How to get rid of walls in your deployment process

How to get rid of walls in your deployment process

A primary objective of the cross-functional team and the "you build it, you run it" #DevOps mindset is to enable teams to deploy and release new features to customers quickly.

Unfortunately, due to past siloed teams and shared monoliths, this is frequently not the case for many organizations.

While many teams nowadays are cross-functional, not all functions are fully integrated into this new paradigm. In my experience with several companies, teams such as QA and infrastructure often operate in a distinct manner.

There are reasons for this, but depending on who initiates (or executes) the deployments, these teams are at risk of becoming bottlenecks in the deployment process. Walls in the deployment process and slow, expensive and frustrating handovers are the natural consequence of this.
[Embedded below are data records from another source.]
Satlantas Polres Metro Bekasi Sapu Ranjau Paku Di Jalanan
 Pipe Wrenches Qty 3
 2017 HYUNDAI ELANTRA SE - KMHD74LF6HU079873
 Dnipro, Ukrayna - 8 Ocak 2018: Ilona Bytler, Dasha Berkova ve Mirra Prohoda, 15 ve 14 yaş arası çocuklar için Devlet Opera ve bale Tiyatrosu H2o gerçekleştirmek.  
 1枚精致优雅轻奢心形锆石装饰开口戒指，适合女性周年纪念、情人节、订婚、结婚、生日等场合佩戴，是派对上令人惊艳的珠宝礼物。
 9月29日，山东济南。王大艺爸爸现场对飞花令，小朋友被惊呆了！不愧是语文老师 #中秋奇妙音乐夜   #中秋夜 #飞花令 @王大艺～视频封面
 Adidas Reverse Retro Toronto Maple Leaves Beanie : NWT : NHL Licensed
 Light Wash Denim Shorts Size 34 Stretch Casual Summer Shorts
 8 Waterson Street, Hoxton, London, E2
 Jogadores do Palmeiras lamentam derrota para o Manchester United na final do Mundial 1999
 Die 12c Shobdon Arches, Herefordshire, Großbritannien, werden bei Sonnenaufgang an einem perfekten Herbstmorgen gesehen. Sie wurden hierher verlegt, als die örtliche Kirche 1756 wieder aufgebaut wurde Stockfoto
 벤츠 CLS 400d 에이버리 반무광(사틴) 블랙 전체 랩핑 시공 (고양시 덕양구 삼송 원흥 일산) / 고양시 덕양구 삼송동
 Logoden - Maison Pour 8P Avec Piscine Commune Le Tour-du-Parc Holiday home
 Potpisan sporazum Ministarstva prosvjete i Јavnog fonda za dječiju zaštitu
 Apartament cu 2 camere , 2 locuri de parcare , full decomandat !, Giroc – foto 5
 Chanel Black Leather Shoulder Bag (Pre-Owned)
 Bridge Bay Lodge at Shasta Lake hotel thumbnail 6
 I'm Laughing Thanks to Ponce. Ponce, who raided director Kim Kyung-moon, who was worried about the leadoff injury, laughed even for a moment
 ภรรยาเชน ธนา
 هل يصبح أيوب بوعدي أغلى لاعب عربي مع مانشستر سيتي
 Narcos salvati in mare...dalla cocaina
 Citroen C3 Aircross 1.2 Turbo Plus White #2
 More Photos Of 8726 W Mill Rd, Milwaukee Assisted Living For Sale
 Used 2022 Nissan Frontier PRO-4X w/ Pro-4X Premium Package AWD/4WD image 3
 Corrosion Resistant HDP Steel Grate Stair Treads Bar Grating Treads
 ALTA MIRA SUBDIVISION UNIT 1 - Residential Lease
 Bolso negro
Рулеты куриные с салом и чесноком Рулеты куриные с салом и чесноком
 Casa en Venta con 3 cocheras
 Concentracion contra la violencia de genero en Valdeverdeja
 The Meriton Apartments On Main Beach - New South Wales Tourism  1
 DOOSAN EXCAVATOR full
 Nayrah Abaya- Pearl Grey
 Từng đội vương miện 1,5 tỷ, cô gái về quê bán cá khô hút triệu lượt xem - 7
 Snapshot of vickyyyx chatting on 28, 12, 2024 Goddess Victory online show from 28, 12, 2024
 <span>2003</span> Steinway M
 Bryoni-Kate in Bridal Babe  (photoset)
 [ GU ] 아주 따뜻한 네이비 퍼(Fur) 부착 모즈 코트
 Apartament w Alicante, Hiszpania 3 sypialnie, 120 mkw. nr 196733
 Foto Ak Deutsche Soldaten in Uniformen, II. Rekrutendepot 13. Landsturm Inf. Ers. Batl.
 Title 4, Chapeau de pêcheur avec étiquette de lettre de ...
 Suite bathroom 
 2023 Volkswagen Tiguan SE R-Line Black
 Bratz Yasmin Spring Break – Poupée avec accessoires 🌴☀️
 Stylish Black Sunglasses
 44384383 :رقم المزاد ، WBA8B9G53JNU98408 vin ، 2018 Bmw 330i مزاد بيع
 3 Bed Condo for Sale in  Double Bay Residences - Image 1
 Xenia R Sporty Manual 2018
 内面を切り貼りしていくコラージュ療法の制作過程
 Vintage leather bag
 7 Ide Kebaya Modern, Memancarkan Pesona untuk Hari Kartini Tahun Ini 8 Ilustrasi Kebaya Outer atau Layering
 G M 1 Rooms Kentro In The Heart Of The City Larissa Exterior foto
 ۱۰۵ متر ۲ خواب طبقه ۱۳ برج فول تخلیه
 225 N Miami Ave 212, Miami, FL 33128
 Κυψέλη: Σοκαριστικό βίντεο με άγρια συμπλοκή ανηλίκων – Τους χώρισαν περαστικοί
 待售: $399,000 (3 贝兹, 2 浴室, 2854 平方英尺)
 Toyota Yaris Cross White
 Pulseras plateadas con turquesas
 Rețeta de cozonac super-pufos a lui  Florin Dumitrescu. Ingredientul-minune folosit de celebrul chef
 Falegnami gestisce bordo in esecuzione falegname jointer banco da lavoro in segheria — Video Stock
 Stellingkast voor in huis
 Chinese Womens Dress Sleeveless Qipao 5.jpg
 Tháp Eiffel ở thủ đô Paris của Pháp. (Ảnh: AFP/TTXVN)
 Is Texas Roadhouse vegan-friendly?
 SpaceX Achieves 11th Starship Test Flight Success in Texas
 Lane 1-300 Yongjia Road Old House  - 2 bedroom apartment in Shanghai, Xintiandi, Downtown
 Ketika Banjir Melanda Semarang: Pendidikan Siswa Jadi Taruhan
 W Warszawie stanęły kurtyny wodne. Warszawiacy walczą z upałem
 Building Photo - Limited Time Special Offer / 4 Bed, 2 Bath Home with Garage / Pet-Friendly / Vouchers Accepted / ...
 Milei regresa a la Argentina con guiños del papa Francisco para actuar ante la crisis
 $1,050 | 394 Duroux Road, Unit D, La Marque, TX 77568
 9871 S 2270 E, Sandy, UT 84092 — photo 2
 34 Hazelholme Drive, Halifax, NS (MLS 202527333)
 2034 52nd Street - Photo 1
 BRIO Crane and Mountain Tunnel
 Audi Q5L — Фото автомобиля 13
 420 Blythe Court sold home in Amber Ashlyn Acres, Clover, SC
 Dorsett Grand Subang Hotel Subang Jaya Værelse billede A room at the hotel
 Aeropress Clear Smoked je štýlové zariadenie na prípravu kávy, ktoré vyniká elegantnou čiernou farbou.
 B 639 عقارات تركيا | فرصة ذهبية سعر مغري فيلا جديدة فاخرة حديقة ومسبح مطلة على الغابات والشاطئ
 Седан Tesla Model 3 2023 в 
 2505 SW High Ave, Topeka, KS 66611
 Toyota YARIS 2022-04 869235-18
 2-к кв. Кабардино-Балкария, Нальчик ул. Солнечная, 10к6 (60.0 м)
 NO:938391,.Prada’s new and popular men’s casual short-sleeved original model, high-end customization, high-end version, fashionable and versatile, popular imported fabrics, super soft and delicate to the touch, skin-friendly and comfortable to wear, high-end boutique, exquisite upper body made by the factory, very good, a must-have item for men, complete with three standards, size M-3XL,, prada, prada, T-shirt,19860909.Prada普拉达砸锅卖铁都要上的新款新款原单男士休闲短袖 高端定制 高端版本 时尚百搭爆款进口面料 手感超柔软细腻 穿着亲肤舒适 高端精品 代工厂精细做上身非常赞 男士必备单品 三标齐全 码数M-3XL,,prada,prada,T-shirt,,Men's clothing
Remark: This article is an updated version of the article "Do you have walls in your deployment process?", first published on the #UnblockedEngineering blog in November 2021.


Case Study: Deployments at BRYTER 

At BRYTER, we had shared deployment artefacts. Multiple teams contributed to these. Our QA team of three people, at that time, was kicking off the deployment process and was executing various manual and semi-automatic steps. Most of these were widely unknown to the developers.

All, we developers needed to care about, was that deployments happen on Tuesday and Thursday, and we need to get our code merged by that time if we want it to be part of the deployment. Sounds paradisal for developers? Somehow yes. It is always convenient if you do not have to deal with the consequences of your actions.

Of course, we were responsible for shipping working software and for solving production incidents fast. However, there was the safety net in the form of the QA team, who would test our code and would often find something that was blocking deployments. This not only meant a delay of the deployment, but also a lot of wasted effort by the QA team, which was now waiting for a fix from development, after which they would restart the deployment process.

Not rarely, the entire process would take a full day, blocking at least two people of a three-people-team. Imagine, what doing this twice a week meant for their productivity. And of course, they were not happy with this situation. In fact, developers were not happy with the situation as well because they could not understand why deployments took so long and were not done more often.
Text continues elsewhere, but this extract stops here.